Minister of Finance, Planning, Commercial Taxes and Legislative Affairs Government of Andhra Pradesh
- In office 8 June 2019 – 4 June 2024
- Governor: E. S. L. Narasimhan (2019); Biswabhusan Harichandan (2019-2023); S. Abdul Nazeer (2023-2024);
- Chief Minister: Y. S. Jagan Mohan Reddy
- Preceded by: Yanamala Rama Krishnudu
- Succeeded by: Payyavula Keshav

Member of Legislative Assembly Andhra Pradesh
- In office 2014–2024
- Preceded by: K. E. Krishna Murthy
- Succeeded by: Kotla Jaya Surya Prakash Reddy
- Constituency: Dhone

Personal details
- Born: 27 September 1970 (age 55) Bethamcherla, Kurnool District, Andhra Pradesh
- Citizenship: India
- Party: YSR Congress Party
- Children: 2
- Alma mater: Vijayanagar Engineering College
- Occupation: Politician Engineer

= Buggana Rajendranath =

Indian politician

Buggana Rajendranath Reddy (born 27 September 1970) is an Indian politician from Andhra Pradesh.
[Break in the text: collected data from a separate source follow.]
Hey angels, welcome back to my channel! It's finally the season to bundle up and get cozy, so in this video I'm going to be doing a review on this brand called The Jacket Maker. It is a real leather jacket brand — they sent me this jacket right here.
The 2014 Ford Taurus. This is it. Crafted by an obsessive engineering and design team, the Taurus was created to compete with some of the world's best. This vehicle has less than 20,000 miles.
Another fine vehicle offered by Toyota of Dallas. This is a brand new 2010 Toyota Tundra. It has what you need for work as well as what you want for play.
He is a two time MLA and also served as the Minister for Finance, Planning and Legislative Affairs in the Y. S. Jagan Mohan Reddy's ministry. He has been nominated again by YSRCP to contest the Dhone Assembly seat in the 2024 Assembly Election.
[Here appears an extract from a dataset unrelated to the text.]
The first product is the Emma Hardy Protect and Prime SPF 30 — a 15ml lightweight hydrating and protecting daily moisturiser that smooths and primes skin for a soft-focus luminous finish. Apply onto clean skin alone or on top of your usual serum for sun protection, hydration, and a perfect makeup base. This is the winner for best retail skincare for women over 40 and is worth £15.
==Early life and education==
Reddy was born in Bethamcherla of Kurnool district, Andhra Pradesh, to Buggana Ramnath Reddy, a former sarpanch of Bethamcherla village and Buggana Parvathi Devi. His maternal grandfather, K. V. Reddy, was a prominent Indian film maker.
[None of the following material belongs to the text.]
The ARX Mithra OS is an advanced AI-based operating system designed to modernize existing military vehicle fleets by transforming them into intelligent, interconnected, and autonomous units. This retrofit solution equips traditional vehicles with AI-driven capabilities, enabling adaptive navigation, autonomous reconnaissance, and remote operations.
He did his schooling at The Hyderabad Public School, Begumpet and pursued his pre university course at Madras Christian College, Chennai. He later graduated as Bachelor of Engineering in Computer Science from Vijayanagar Engineering College, Bellary, in 1992.

== Career ==
Reddy was first elected as a Member of the Legislative Assembly representing Dhone Assembly constituency in the 2014 Andhra Pradesh Legislative Assembly election defeating K. E. Prathap of TDP by a margin of 11,152 votes. From 2016 to 2019, he served as the chairman of the Public Accounts Committee of Andhra Pradesh. He was elected for the second time as an MLA in the 2019 Andhra Pradesh Legislative Assembly election defeating K. E. Prathap of Telugu Desam Party, again by a huge margin of 35,516 votes.